Y todo arranca con la imprenta. Retomamos hilo. El poder tal y como lo conocemos en el mundo occidental recibe una primera muesca importante con la imprenta. En apariencia, más allá del cambio estructural que representa en el ámbito religioso, el poder mal que bien aguanta el envite. En realidad, sólo gana algo de tiempo. La letra impresa va debilitando el Antiguo Régimen a golpe de tipo grabado. Esta suerte de tortura malaya se desmadra totalmente en 1789 con la Revolución francesa. Después de resolver los asuntos con Dios, al ciudadano de a pie le toca poner en orden los asuntos mundanos. Y cortan por lo sano.

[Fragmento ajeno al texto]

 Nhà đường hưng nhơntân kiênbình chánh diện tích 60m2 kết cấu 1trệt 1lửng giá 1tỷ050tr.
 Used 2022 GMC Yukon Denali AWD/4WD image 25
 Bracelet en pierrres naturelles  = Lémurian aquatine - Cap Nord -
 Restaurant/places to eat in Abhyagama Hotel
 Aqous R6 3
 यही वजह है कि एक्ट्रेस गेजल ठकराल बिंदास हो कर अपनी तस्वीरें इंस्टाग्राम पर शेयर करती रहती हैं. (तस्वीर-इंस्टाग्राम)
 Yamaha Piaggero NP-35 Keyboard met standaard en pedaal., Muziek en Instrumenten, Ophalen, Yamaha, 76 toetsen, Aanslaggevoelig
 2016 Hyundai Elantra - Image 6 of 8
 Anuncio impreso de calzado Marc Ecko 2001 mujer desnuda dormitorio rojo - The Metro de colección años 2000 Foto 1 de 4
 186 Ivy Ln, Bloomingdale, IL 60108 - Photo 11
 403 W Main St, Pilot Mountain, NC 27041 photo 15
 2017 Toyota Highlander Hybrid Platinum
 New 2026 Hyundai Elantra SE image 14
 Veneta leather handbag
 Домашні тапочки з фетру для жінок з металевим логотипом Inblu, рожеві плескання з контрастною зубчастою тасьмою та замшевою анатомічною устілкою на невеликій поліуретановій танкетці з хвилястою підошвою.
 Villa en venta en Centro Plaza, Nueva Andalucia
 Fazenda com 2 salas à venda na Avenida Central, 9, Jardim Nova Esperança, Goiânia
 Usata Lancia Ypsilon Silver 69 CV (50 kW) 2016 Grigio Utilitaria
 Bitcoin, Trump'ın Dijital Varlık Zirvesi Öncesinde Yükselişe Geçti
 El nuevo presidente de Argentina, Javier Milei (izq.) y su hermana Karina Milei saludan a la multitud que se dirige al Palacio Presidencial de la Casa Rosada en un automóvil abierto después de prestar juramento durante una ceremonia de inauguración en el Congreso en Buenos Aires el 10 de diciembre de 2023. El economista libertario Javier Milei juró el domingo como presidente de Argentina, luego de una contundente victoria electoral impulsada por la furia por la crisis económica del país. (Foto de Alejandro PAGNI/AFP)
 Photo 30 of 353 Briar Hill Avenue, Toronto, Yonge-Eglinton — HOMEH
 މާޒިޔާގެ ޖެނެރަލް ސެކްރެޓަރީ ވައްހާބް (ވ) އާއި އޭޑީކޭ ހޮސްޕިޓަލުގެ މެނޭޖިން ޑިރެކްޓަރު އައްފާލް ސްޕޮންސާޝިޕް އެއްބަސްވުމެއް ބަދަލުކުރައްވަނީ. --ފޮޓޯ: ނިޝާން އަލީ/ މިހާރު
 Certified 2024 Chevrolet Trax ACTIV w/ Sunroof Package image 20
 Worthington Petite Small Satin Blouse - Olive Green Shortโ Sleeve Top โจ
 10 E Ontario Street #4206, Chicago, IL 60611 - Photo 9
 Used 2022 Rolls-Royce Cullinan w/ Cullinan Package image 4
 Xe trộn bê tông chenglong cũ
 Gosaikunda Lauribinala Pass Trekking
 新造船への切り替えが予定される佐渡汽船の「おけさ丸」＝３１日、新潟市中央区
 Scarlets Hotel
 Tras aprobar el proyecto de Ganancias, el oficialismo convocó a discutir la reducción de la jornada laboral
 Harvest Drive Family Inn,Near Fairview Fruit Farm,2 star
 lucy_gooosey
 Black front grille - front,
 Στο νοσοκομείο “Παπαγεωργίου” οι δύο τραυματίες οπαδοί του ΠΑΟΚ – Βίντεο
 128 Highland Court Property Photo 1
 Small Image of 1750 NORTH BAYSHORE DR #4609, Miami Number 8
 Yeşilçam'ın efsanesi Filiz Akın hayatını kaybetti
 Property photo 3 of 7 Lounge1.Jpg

El papel de los periódicos asociados a los clubes de la revolución está muy documentado. Más que su papel como mechas incendiarias me interesa el origen de esta pólvora. Y ése lo encontramos unas décadas atrás, con los leales enciclopédicos que, si bien no tenían pinta de exacerbados revolucionarios armados, cargaban con la munición más peligrosa: el conocimiento basado en la razón, la razón aplicada al hombre y a la sociedad. No hay nada más revolucionario que este aserto.

El poder es una manifestación de energía humana y como tal no se crea ni se destruye, vive en un permanente estado de transformación. El Antiguo Régimen da paso a las democracias burguesas que, a su vez, son el motor político de la Revolución Industrial. A estas alturas la división de poderes acuñada por Montesquieu ha sumado un nuevo activo. Al ejecutivo, legislativo y judicial, se suma un cuarto poder, los medios de comunicación, en aquel momento representados en exclusiva por periódicos en formación, poco más que libelos y aun así aupados al protagonismo hegemónico de cuarto poder.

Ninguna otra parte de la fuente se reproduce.